*RECORDS SHOWN*
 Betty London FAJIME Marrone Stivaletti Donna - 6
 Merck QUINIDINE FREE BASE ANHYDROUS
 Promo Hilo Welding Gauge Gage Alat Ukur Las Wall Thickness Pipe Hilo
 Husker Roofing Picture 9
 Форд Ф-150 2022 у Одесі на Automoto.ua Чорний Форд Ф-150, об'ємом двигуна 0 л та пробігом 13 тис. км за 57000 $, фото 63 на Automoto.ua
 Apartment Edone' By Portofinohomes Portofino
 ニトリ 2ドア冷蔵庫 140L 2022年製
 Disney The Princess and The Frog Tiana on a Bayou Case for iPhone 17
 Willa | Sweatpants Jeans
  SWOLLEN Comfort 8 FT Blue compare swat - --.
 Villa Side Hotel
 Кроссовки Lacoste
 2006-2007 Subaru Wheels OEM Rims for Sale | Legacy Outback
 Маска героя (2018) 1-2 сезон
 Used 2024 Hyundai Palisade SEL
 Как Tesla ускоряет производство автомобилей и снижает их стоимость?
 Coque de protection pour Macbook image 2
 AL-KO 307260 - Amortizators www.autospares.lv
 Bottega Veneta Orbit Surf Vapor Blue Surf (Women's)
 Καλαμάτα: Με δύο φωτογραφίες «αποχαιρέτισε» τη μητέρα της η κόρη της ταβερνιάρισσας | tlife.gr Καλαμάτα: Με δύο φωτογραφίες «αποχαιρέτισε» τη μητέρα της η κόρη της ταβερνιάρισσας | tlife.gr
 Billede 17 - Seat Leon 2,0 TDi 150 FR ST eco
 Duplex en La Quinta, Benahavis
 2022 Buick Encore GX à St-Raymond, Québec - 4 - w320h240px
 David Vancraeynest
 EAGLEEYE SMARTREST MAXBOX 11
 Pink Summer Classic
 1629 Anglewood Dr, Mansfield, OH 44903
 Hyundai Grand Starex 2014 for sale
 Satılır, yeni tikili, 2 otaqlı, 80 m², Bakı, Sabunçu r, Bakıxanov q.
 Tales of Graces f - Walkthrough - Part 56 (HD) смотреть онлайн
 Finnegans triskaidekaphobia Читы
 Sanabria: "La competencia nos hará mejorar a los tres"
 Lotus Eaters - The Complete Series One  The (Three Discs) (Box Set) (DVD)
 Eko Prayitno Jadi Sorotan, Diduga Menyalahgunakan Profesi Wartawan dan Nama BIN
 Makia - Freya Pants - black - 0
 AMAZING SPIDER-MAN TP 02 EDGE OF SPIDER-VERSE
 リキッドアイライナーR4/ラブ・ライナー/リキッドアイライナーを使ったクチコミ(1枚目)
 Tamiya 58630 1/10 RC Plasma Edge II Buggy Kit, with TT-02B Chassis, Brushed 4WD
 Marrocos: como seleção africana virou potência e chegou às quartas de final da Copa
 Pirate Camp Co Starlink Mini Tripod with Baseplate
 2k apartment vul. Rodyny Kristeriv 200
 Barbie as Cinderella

*YOUR TASK*
Write out, word for word, all lines from the line that holds "David Vancraeynest" through the last line of the listing, with both end lines kept.

*ANSWER SPACE*
 David Vancraeynest
 EAGLEEYE SMARTREST MAXBOX 11
 Pink Summer Classic
 1629 Anglewood Dr, Mansfield, OH 44903
 Hyundai Grand Starex 2014 for sale
 Satılır, yeni tikili, 2 otaqlı, 80 m², Bakı, Sabunçu r, Bakıxanov q.
 Tales of Graces f - Walkthrough - Part 56 (HD) смотреть онлайн
 Finnegans triskaidekaphobia Читы
 Sanabria: "La competencia nos hará mejorar a los tres"
 Lotus Eaters - The Complete Series One  The (Three Discs) (Box Set) (DVD)
 Eko Prayitno Jadi Sorotan, Diduga Menyalahgunakan Profesi Wartawan dan Nama BIN
 Makia - Freya Pants - black - 0
 AMAZING SPIDER-MAN TP 02 EDGE OF SPIDER-VERSE
 リキッドアイライナーR4/ラブ・ライナー/リキッドアイライナーを使ったクチコミ(1枚目)
 Tamiya 58630 1/10 RC Plasma Edge II Buggy Kit, with TT-02B Chassis, Brushed 4WD
 Marrocos: como seleção africana virou potência e chegou às quartas de final da Copa
 Pirate Camp Co Starlink Mini Tripod with Baseplate
 2k apartment vul. Rodyny Kristeriv 200
 Barbie as Cinderella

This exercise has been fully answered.